Sends a NON request with no response expected:
try client.cast(.post, &.{
.{ .kind = .uri_path, .value = "log" },
}, "event happened");Lower-level CON method accepting raw options. Use get/post/put/delete
for simpler path-based requests.
const result = try client.call(allocator, .get, &.{
.{ .kind = .uri_path, .value = "sensor" },
}, &.{});
defer result.deinit(allocator);For high-throughput workloads, use submit to send CON requests without
blocking, then poll to drive the event loop and collect completions:
var client = try coap.Client.init(allocator, .{
.host = "10.0.0.1",
.max_in_flight = 64,
});
defer client.deinit();
// Submit multiple requests — returns immediately.
const h1 = try client.submit(.get, &.{
.{ .kind = .uri_path, .value = "temperature" },
}, &.{});
const h2 = try client.submit(.get, &.{
.{ .kind = .uri_path, .value = "humidity" },
}, &.{});
// Poll for completions (handles retransmission, Block2 reassembly).
while (try client.poll(allocator, 100)) |completion| {
defer completion.result.deinit(allocator);
if (completion.handle == h1) {
std.debug.print("temp: {s}\n", .{completion.result.payload});
} else if (completion.handle == h2) {
std.debug.print("humidity: {s}\n", .{completion.result.payload});
}
}poll returns null when the timeout expires with no completion.
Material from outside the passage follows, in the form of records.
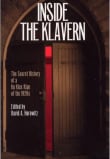 Book cover of Inside the Klavern, the Secret History of a Ku Klux Klan of the 1920s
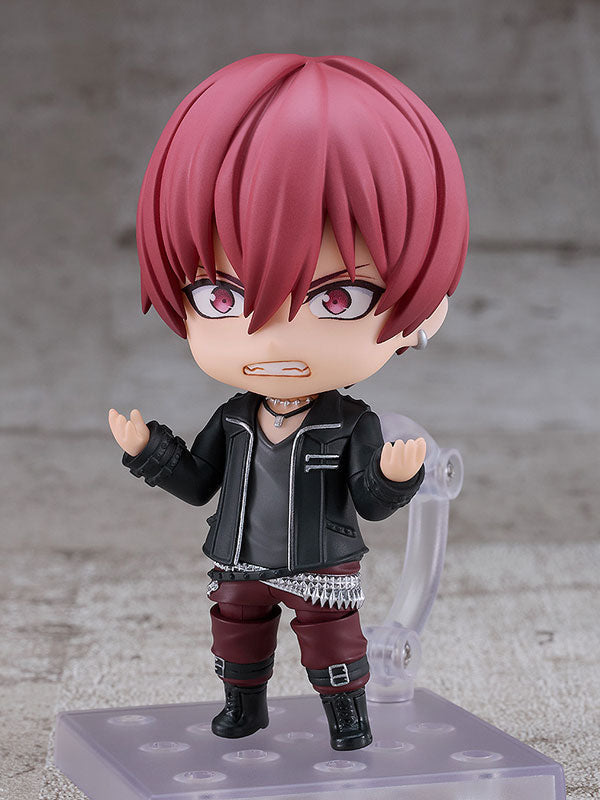 IDOLiSH7 - Inumaru Touma - Nendoroid (#2653) (Good Smile Company, Orange Rouge)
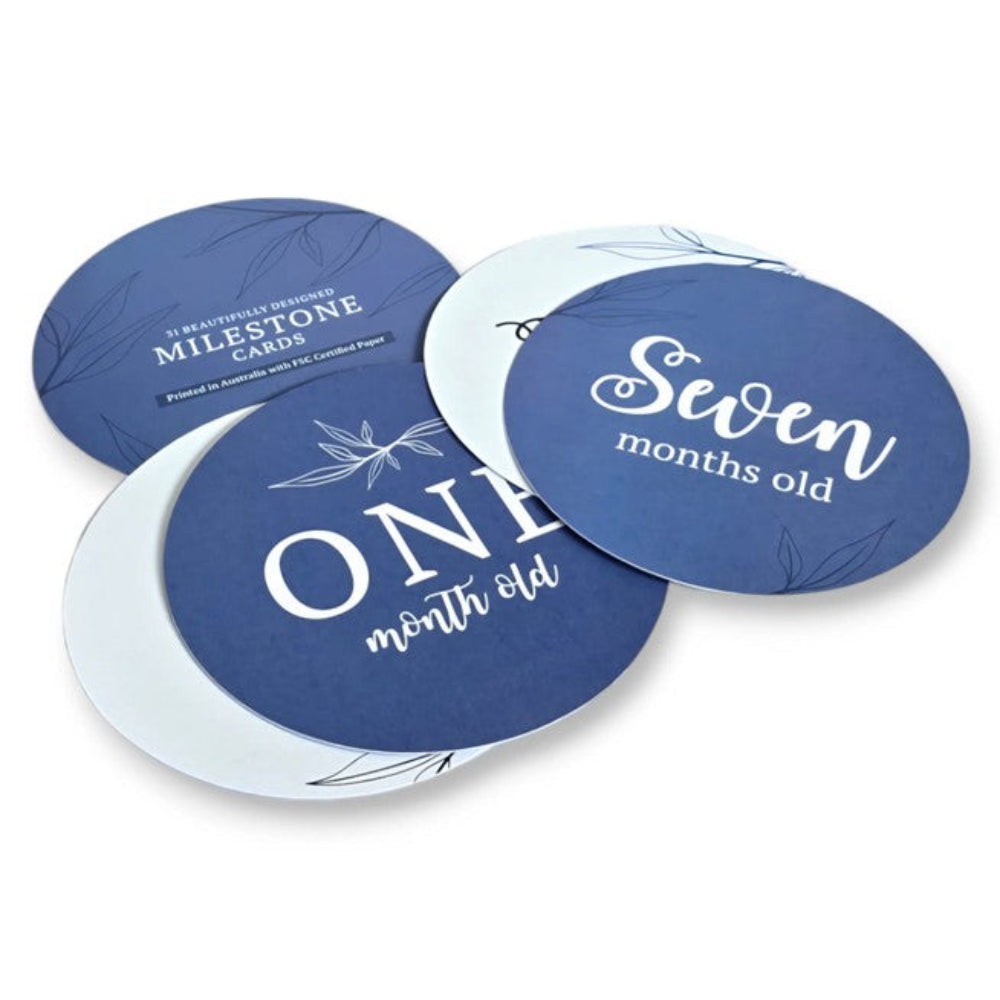 Thread the Word Milestone Cards - Seamist
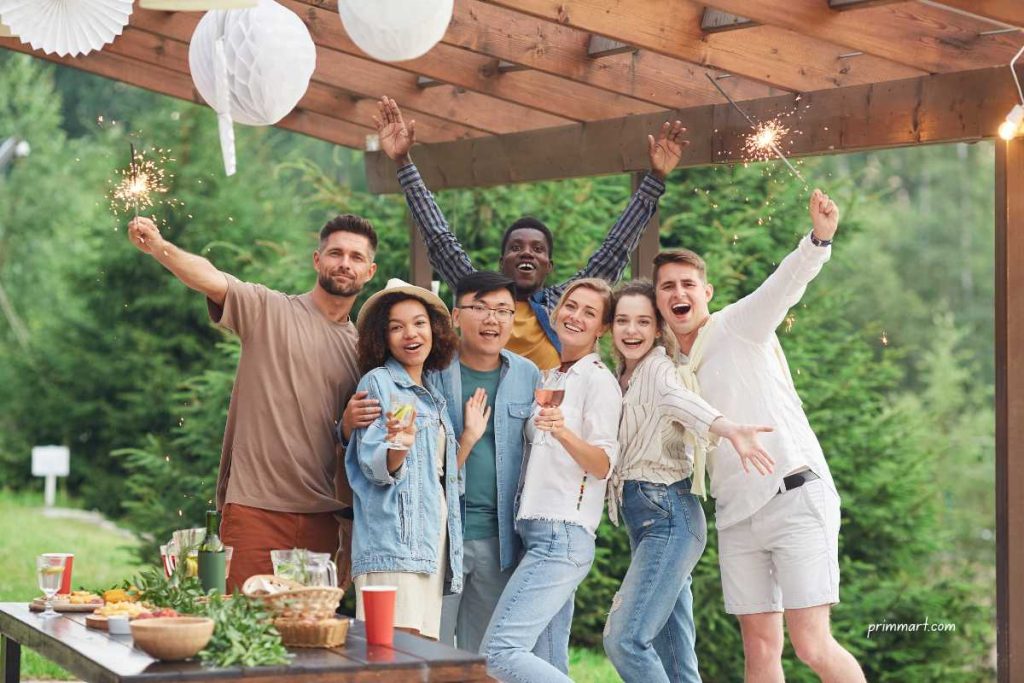 10 Easy DIY Ideas for Your Next Outdoor Party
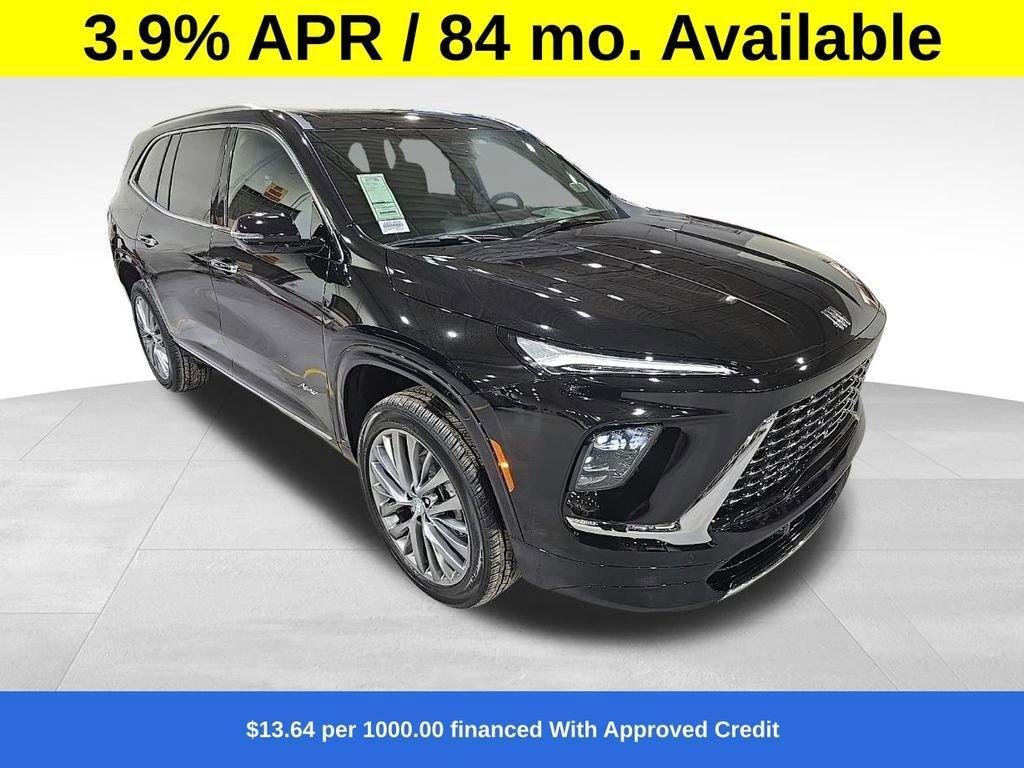 new 2026 Buick Enclave car, priced at $60,368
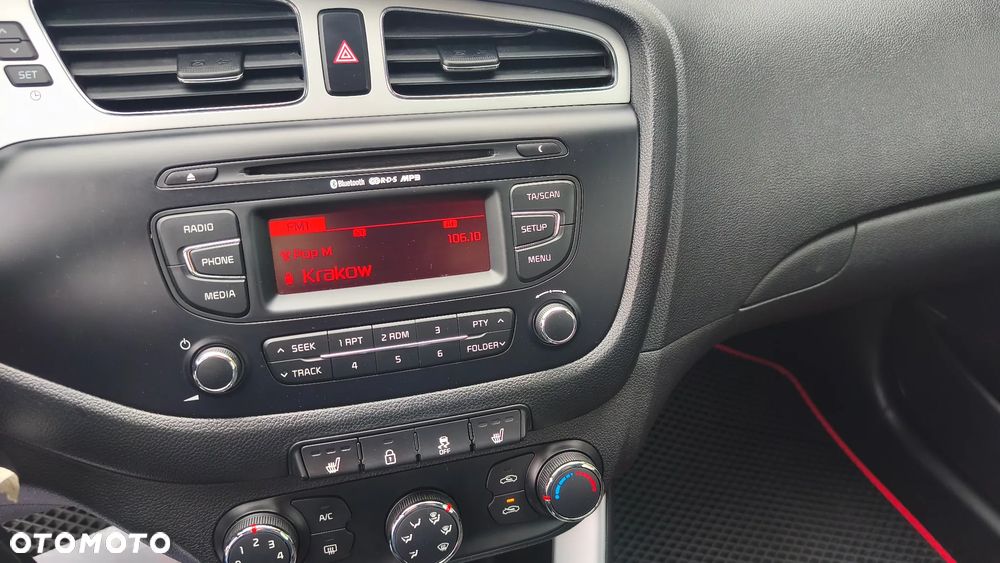 Kia Ceed 1.4 Business Line - 21
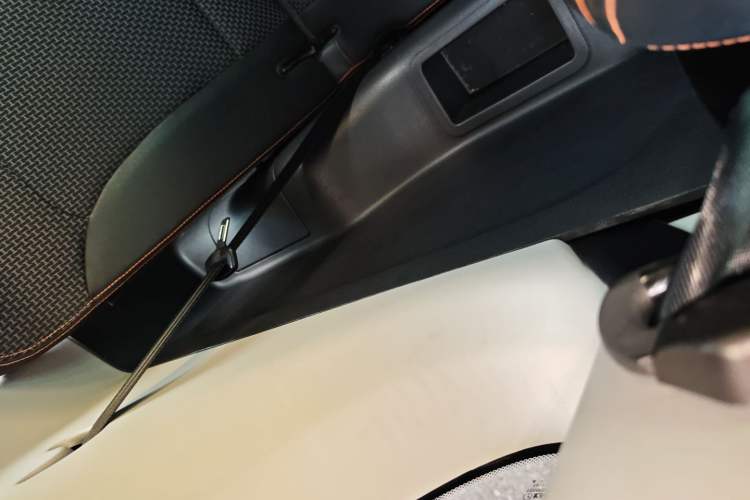 Used Chery Little Ant 2019 4-Seater Smart Edition 35 kWh
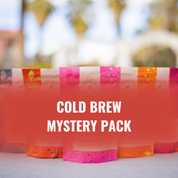 Cold Brew Pack Mystery Box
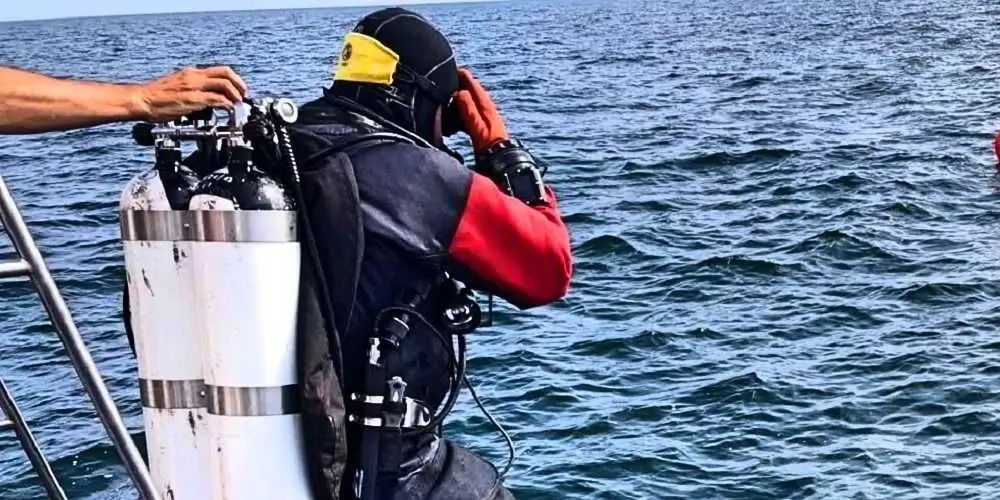 Tauchen auf Bornholm – Unterwasserlandschaft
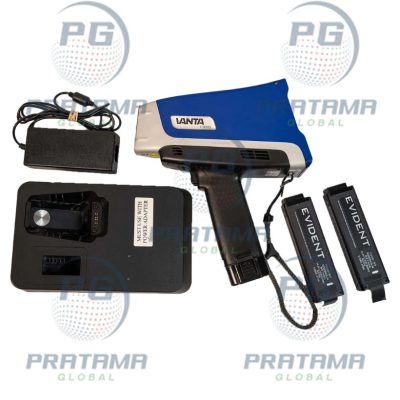 Olympus Vanta C-Series Handheld XRF Analyzer for Alloy, Coatings, and Mining analysis
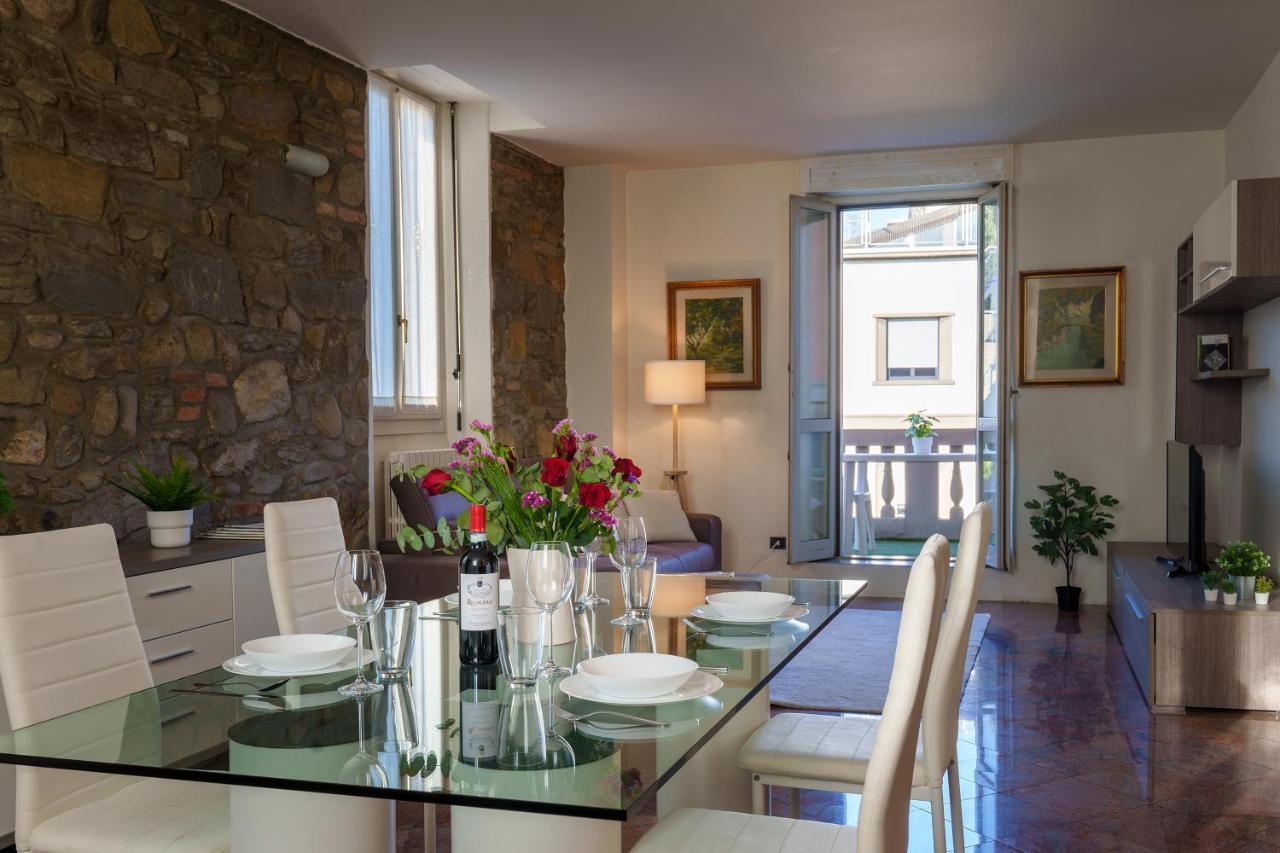 Casa Vacanze Anna Bergamo Eksteriør bilde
Check
completion.result._timeout or ._reset for error conditions. Option
value memory passed to submit must remain valid until the corresponding
completion.
The blocking call/get/post/put/delete methods are implemented as
submit + poll internally — both APIs share the same slot infrastructure
and can be mixed freely.
Send and receive raw CoAP packets without protocol automation:
try client.sendRaw(packet);
const response = try client.recvRaw(allocator, 2000) orelse return; // 2s timeout
defer response.deinit(allocator);Subscribe to resource notifications:
var stream = try client.observe(&.{
.{ .kind = .uri_path, .value = "temperature" },
});
while (try stream.next(allocator)) |notification| {
defer notification.deinit(allocator);
std.debug.print("update: {s}\n", .{notification.payload});
}
try stream.cancel();CON notifications are automatically ACKed.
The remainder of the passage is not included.